START DATA PROVIDED
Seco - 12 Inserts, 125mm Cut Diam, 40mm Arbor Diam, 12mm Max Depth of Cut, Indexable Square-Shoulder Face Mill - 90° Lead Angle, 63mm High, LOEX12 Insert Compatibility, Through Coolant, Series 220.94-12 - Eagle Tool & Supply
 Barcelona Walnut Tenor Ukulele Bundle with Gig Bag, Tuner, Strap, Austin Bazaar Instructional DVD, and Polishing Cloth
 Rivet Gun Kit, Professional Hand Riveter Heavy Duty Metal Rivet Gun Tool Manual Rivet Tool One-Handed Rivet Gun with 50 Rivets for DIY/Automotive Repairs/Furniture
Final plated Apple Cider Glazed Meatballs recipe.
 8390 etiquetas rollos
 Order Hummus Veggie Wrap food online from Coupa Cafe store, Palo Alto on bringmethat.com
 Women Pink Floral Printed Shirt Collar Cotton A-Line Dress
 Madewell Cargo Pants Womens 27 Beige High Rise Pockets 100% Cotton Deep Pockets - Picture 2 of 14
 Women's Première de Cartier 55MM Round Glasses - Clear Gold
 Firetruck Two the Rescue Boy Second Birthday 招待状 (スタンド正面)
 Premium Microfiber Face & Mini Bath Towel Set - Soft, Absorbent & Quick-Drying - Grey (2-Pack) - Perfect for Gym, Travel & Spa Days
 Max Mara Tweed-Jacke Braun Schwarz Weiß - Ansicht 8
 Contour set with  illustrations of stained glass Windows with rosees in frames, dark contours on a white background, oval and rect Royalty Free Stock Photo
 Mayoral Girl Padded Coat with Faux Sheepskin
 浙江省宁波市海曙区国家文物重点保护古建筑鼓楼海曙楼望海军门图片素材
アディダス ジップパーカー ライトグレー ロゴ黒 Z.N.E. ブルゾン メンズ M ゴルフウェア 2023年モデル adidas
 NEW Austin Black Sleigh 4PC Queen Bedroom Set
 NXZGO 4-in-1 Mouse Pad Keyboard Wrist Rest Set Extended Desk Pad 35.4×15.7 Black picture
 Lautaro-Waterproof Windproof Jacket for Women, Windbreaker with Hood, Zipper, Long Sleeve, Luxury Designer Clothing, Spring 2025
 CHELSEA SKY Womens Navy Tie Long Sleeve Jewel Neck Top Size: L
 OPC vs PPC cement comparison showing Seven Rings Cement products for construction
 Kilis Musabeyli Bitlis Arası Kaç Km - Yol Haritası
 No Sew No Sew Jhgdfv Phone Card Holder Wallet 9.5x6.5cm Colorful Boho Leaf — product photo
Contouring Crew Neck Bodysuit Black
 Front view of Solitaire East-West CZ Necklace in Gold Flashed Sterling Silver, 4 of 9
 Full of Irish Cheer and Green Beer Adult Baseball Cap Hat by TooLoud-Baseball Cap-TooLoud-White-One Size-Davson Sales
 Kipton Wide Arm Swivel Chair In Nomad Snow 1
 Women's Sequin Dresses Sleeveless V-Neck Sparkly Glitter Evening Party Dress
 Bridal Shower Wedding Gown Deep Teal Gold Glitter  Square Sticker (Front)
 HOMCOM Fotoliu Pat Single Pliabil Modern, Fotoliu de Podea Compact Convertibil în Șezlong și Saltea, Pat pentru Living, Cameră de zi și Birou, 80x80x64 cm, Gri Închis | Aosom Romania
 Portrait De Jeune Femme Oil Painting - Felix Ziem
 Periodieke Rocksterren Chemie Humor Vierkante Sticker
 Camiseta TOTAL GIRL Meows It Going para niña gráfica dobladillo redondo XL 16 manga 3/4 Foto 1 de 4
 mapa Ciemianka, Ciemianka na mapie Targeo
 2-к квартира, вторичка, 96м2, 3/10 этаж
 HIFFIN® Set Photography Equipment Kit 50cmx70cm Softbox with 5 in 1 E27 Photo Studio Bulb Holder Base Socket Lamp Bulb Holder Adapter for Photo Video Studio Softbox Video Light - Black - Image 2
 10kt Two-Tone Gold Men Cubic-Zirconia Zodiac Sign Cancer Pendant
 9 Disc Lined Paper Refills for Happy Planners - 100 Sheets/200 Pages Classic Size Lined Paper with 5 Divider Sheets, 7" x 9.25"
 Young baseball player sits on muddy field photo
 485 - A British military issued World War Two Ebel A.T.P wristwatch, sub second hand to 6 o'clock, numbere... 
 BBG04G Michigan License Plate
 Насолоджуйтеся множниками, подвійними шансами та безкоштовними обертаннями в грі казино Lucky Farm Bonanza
END DATA PROVIDED
• [WHAT IS REQUIRED]: In the records above, find the line containing "Young baseball player" and print it and every later line exactly, through the last one.

• [ANSWER SPACE]:
 Young baseball player sits on muddy field photo
 485 - A British military issued World War Two Ebel A.T.P wristwatch, sub second hand to 6 o'clock, numbere... 
 BBG04G Michigan License Plate
 Насолоджуйтеся множниками, подвійними шансами та безкоштовними обертаннями в грі казино Lucky Farm Bonanza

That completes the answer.